Nas decisões, Dias Toffoli destacou risco à continuidade de diversas políticas públicas implementadas por meio do repasse de verbas federais aos dois Estados

03/01/2020 11h31 - Atualizado há

A União deverá retirar as inscrições dos Estados de Minas Gerais e do Rio Grande do Norte dos sistemas Cauc (Cadastro Único de Convênios), Cadin (Cadastro Informativo de Créditos não Quitados do Setor Público Federal) e Siafi (Sistema Integrado de Administração Financeira). As decisões em ações cíveis originárias (ACOs) é do presidente do Supremo Tribunal Federal (STF), ministro Dias Toffoli.

De acordo com o presidente da Corte, a inscrição nos cadastros de inadimplência viola o postulado constitucional do devido processo legal. Ainda, segundo ele, com a decisão, evita-se a iminente possibilidade da perda do prazo para a celebração de contratos e convênios, o que colocaria em risco a continuidade de diversas políticas públicas implementadas por meio do repasse de verbas federais aos dois Estados.

Sob fundamento de eventual dívida com o FGTS, o autor da ACO 3341 TP/MG alegou, em sua defesa, que os supostos débitos do Fundo de Garantia do Tempo de Serviço se encontra sub judice junto ao Superior Tribunal de Justiça (STJ) e que suas dívidas estão sendo renegociadas. Defendeu que a posição assumida pela União atenta contra o pacto federativo e os compromissos financeiros do Estado de Minas Gerais, além de colocar em risco sua própria autonomia.

O argumento apresentado pelo autor da ação 3342 TP/RN, em razão do não envio do Relatório Resumido de Execução Orçamentária (RREO) à União referente à destinação de gastos com a educação, versa sobre a falha do Sistema de Informações sobre Orçamentos Públicos em Educação (Siope).
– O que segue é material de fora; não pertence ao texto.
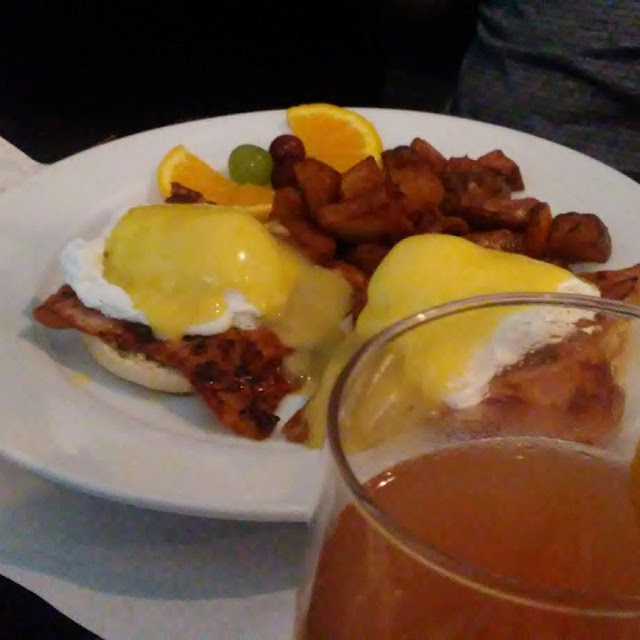 Eggs Benedict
Conforme o Estado, o Siope é um mero meio eletrônico para coleta, processamento, disseminação e acesso público às informações pertinentes, mas que não se mostra idôneo para o controle administrativo e de eventuais problemas quanto à entrega dessas informações.

Para Dias Toffoli, a inclusão dos Estados nos cadastros restritivos de créditos da União e o impacto nas políticas públicas que dependem das receitas decorrentes, transferências voluntárias e de convênios em curso, trazem prejuízo aos entes federativos. Na ação de Minas Gerais, segundo o ministro, as notificações fiscais que teriam dado ensejo à negativação em questão ainda se encontram pendentes de apreciação no STJ.

Nos autos do Rio Grande do Norte, o presidente da Suprema Corte destacou não serem imputadas graves falhas, aptas a justificar que não tivesse cumprido os requisitos fiscais, situação essa que tem o potencial de impedir a obtenção de recursos federais.

Após acolher os pedidos dos dois Estados, o presidente Dias Toffoli encaminhou as ações aos gabinetes dos relatores, ministro Roberto Barroso (ACO 3341 TP/MG) e Ricardo Lewandowski.